Summing Up by Troy Rhoades (Splice, 1999)

Splice, Spring 1999 (A Saskatchewan Filmpool Co-operative Publication)

In the fall of 1998 coinciding with the release of his film Panic Bodies (1998) Mike Hoolboom presented his latest text-based work Plague Years: a life in underground movies. This “autobiography of an artist through that artist’s work,” as Steve Reinke states in the introduction, is unique in its construction due to its mixture of commentary, autobiographical memoirs, and the text from the scripts to some of Hoolboom’s most famous films like White Museum (1986) and Frank’s Cock (1993). This fusion of script, critique and biography does not seem surprising being presented by Hoolboom.

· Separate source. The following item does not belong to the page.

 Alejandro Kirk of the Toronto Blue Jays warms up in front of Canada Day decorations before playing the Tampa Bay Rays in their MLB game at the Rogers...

This book can be seen as a parallel to Hoolboom’s most recent film Panic Bodies and his upcoming film entitled Plague Years (due out in 1999 according to the book). So it is no coincidence that the two came out simultaneously. Like Panic Bodies, Plague Years: a life in underground movies is made up of short chapters that overall make a whole – the whole being the life of Mike Hoolboom. The chapters range from one to ten pages each, consisting of stills from his films (Boy Meets Girl which consists of stills from 1+1+1 (1996), biographical notes (“At the Movies and “Baseball, Marx Brothers, and the Beginnings of Documentary”), scripts (“White Museum,” “Positive,” and “Kanada,”), and personal commentary (“Eight Thoughts on Short Films.”) Each chapter shows a part of Hoolboom, but he never reveals himself as a whole. To try and get an understanding of “who” Hoolboom is, readers are forced to look at the fragments and construct a whole according to whom they perceive Hoolboom to be.

This technique – of presenting fragments and sections of what Hoolboom has said, written or thought – is paralleled in Panic Bodies, a film presented as six short films, and in the upcoming film Plague Years, which also consists of six short films – Frank’s Cock (1993), Sorrow (1996), Fall (1999), Hey Madonna (1998), Stormy Weather (1997) and Letters from Home (1996). This coming together of fragments seems to suggest Hoolboom is starting to sum up his life and film career by presenting and re-presenting his life in underground movies through his best and most personal work, both in text and celluloid.

Plague Years: a life in underground movies and Panic Bodies both reflect an urgency not seen in most work of Hoolboom’s contemporaries. As a man hitting the high point of his career at a time when his body is falling to pieces in a battle with HIV, the fragmentary manner of both Hoolboom’s films and book seem to reflect the feeling that he wants to summarize his life. A life he wants to leave open to a multiplicity of interpretations.